The amendments to the Old Indenture contained in the Supplemental Indenture required the consent of the holders of at least a majority of the aggregate principal amount of the outstanding Old Notes. As of midnight, New York City time, on June 22, 2006, the expiration date of the tender offer and consent solicitation, the Company received tenders and consents from the holders of approximately $399.7 million in aggregate principal amount of the outstanding Old Notes, or approximately 99.9% of the outstanding Old Notes. The operative provisions of the Supplemental Indenture became effective on June 23, 2006, the date that the Company accepted the tendered Old Notes for purchase.
The above summary of the Supplemental Indenture is qualified in its entirety by reference to the Supplemental Indenture, which is attached hereto as Exhibit 10.1 and incorporated herein by reference.
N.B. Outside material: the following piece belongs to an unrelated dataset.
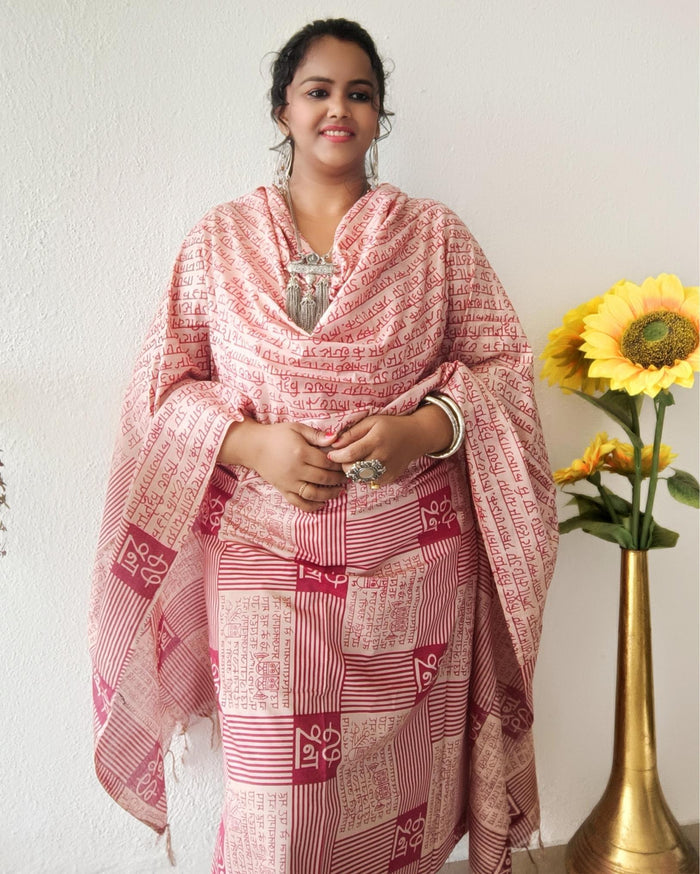 Beige Katan silk unstitched suit set block printed with panels of Sanskrit calligraphy in deep magenta, separated by linear stripes with white accents and straight, clean edges.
Purchase Agreement for 7 ¾% Senior Subordinated Notes due 2014
On June 20, 2006, the Company, TransDigm Group Incorporated (“TD Group”) and the subsidiaries of the Company named therein entered into a purchase agreement (the “Purchase Agreement”) providing for the issuance and sale by the Company of $275 million aggregate principal amount of its 7 3/4% Senior Subordinated Notes due 2014 (the “New Notes”) to Banc of America Securities LLC, Credit Suisse Securities (USA) LLC, UBS Securities LLC and Barclays Capital Inc. (collectively, the “Initial Purchasers”). The closing of the sale of the New Notes pursuant to the Purchase Agreement occurred on June 23, 2006.
The above summary of the Purchase Agreement is qualified in its entirety by reference to the Purchase Agreement, which is attached hereto as Exhibit 10.2 and incorporated herein by reference.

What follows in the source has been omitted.